■ EXERCISE REQUIREMENTS
Make an exact copy of the listing, without images.

■ DATASET
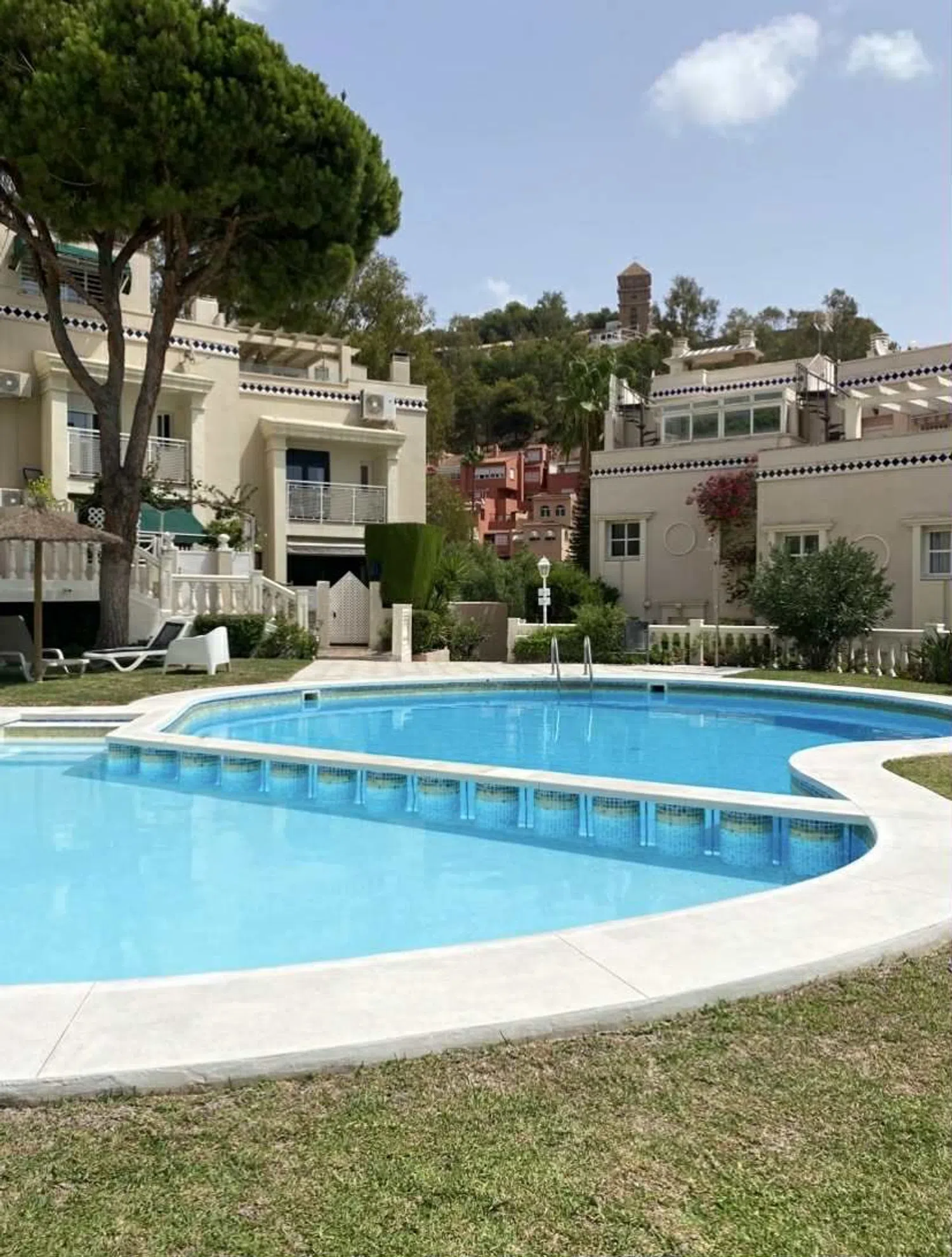 Piso en calle Meridiana, 17 - Foto 1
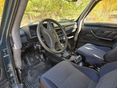 LADA NIVA 2008 - 3
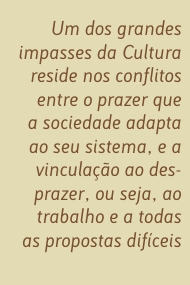 Citação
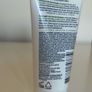 CeraVe Hydrating Cream to Foam Cleanser, 50ml Image 3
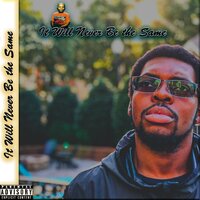No Hesitation - ReTro d.r.E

■ ANSWER SECTION
 Piso en calle Meridiana, 17 - Foto 1
 LADA NIVA 2008 - 3
 Citação
 CeraVe Hydrating Cream to Foam Cleanser, 50ml Image 3
No Hesitation - ReTro d.r.E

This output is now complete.